Press-Quotes-CV

CAROL CORDREY feature CANARY WHARF magazine

For anyone who owns a Gillian Burrows painting, every day is a sunny day! Her use of simple outlines and broad patches of glorious colour radiate happiness; it is a style of work that told me long before I even met Gillian, that she loves painting.

And buyers love her for the unpretentious, accessible, uplifting art that pours from her hands. It is inspired by the ever-changing architectural landscape and river activities that surround her Docklands studio in London, as well as the cities and seascapes around the globe that she delights in.

Like the Post-Impressionists, Gillian is pre-occupied with structure, simplified form and emotional responses to a subject rather than a concern for imitating nature.

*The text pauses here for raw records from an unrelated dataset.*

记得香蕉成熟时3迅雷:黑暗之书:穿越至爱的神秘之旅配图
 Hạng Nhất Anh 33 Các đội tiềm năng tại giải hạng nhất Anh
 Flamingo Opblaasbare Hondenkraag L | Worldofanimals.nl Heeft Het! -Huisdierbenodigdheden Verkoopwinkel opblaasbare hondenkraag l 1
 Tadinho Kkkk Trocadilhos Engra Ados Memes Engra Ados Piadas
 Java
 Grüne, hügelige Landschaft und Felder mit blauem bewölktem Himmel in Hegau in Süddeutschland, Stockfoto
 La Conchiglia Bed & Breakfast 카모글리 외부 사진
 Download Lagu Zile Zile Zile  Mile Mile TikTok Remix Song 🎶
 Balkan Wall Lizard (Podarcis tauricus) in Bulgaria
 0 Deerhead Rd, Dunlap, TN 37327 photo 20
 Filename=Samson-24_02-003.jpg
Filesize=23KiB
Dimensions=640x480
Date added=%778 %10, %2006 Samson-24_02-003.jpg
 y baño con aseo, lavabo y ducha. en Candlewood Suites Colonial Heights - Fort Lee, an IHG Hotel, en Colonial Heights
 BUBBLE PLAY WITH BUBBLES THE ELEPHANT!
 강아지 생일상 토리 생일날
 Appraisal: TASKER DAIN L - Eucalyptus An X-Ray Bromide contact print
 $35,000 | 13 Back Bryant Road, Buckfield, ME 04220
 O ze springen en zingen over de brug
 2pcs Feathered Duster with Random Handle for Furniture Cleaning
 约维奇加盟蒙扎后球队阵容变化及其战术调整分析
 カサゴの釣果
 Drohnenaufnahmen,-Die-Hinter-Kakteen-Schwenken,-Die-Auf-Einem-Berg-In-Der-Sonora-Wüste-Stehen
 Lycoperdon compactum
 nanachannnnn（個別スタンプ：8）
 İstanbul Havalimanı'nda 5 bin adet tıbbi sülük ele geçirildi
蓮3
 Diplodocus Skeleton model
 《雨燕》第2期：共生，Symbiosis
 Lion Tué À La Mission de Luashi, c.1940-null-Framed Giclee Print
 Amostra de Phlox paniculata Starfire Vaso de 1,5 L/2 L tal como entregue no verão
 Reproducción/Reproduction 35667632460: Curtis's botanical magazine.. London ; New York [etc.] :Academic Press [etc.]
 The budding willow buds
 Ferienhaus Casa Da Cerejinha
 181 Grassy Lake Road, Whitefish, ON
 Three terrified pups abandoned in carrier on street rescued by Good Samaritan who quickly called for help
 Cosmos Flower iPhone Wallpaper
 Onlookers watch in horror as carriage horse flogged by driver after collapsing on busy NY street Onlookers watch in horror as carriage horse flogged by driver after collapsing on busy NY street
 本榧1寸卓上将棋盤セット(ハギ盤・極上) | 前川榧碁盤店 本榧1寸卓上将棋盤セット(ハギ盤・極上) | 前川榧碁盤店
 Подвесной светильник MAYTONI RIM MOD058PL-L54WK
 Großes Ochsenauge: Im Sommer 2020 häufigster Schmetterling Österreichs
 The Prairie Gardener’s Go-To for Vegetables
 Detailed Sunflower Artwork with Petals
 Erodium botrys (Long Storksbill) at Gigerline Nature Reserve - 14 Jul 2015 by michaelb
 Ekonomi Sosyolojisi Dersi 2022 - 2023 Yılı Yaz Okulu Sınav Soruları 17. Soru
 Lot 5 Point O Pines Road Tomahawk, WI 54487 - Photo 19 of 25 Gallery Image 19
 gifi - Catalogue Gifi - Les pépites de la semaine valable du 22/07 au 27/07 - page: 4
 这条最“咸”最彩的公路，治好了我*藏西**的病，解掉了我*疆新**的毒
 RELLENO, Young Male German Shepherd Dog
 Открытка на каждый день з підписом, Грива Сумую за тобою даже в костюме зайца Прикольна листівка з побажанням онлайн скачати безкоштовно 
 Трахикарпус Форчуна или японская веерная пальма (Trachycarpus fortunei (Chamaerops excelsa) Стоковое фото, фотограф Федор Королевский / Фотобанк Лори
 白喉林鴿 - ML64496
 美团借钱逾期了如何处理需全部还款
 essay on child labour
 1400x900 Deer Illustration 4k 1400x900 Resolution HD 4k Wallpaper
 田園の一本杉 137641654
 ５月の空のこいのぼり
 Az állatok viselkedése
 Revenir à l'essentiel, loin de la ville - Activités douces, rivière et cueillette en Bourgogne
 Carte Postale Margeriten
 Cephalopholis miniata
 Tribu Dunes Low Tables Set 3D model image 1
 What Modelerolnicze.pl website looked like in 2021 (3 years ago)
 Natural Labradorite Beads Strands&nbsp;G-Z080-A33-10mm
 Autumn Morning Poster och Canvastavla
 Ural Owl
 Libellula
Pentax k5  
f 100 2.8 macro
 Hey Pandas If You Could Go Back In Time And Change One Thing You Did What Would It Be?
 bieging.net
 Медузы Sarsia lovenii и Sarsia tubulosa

Equally, detail, traditional modelling or perspective are irrelevant to her. Indeed, it would be difficult to identify the time of day or even the season in her compositions but the outline of iconic buildings in many of them makes their locations instantly recognisable.

Sometimes, the process of simplification is abstracted, as in Fishy Tale. As a result, the painting becomes easy on the eye but, ironically, Gillian’s unconventional way of representing space provides the viewer with a fascinating, thought-provoking work. All the more so when she takes abstraction to extremes: City Centre, for example, kick-starts the viewer’s mind into trying to determine whether this is a bird’s-eye view of a city, an urban maze (moral or otherwise) or an evocation of city streets paved with varying degrees of gold?

Nowadays, the flow of miserable news from the media makes our cities seem like unappealing, dark places. Thankfully, Gillian Burrows’ work, in all its guises, reminds us of how most people really see and experience them – a rich mix of exciting buildings, culture and colour. No wonder her work is so popular!